Source data:
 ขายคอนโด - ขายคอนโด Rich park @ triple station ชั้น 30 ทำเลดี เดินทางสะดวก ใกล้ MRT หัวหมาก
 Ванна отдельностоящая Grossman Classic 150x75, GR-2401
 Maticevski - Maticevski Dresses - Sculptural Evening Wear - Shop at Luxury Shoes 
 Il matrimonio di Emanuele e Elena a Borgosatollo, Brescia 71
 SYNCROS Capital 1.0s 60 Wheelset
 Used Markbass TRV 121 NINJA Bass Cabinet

==

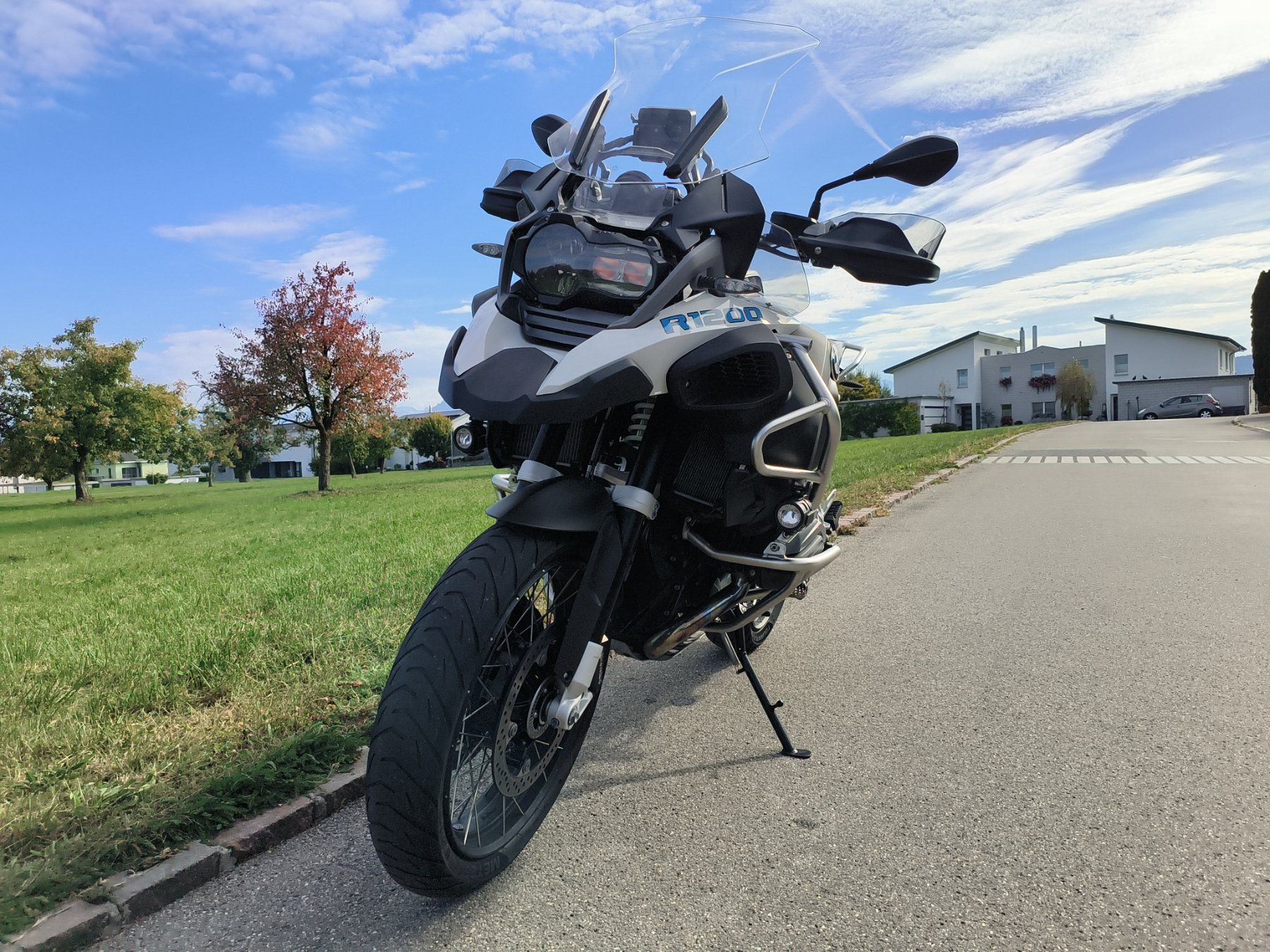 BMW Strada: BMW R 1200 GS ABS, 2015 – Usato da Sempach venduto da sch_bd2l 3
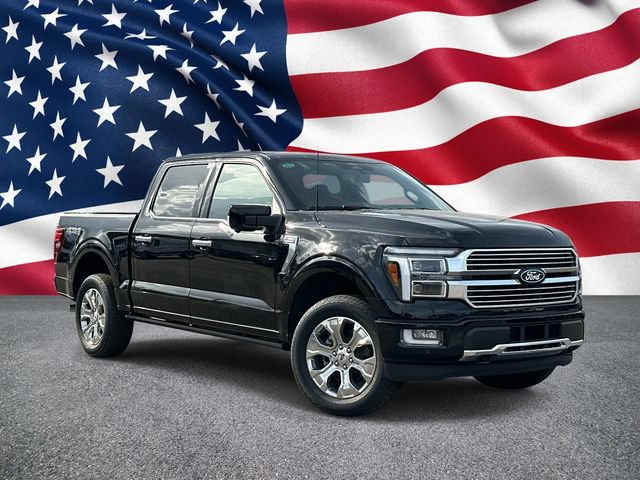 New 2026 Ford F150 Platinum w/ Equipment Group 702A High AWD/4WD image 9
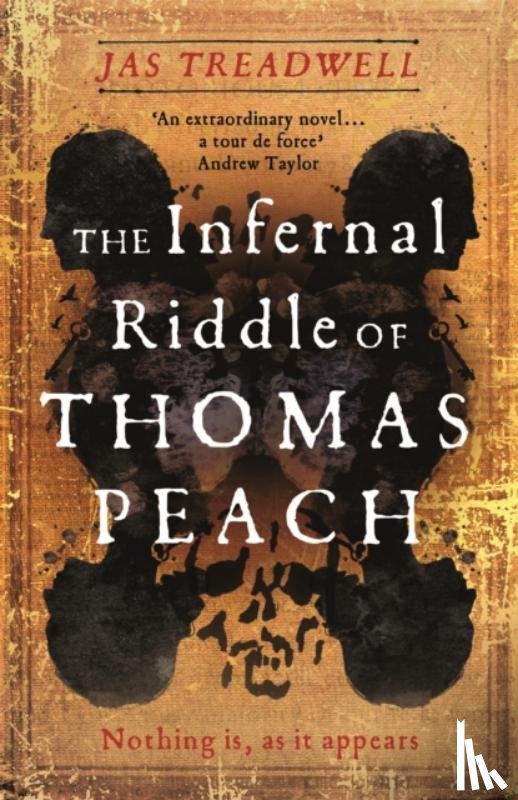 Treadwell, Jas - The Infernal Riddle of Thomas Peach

Required action:
Look back at the entries above and repeat, unchanged, every line from the line holding "ขายคอนโด - ขายคอนโด" through the line holding "Used Markbass TRV 121 NINJA Bass Cabinet".

Written solution:
 ขายคอนโด - ขายคอนโด Rich park @ triple station ชั้น 30 ทำเลดี เดินทางสะดวก ใกล้ MRT หัวหมาก
 Ванна отдельностоящая Grossman Classic 150x75, GR-2401
 Maticevski - Maticevski Dresses - Sculptural Evening Wear - Shop at Luxury Shoes 
 Il matrimonio di Emanuele e Elena a Borgosatollo, Brescia 71
 SYNCROS Capital 1.0s 60 Wheelset
 Used Markbass TRV 121 NINJA Bass Cabinet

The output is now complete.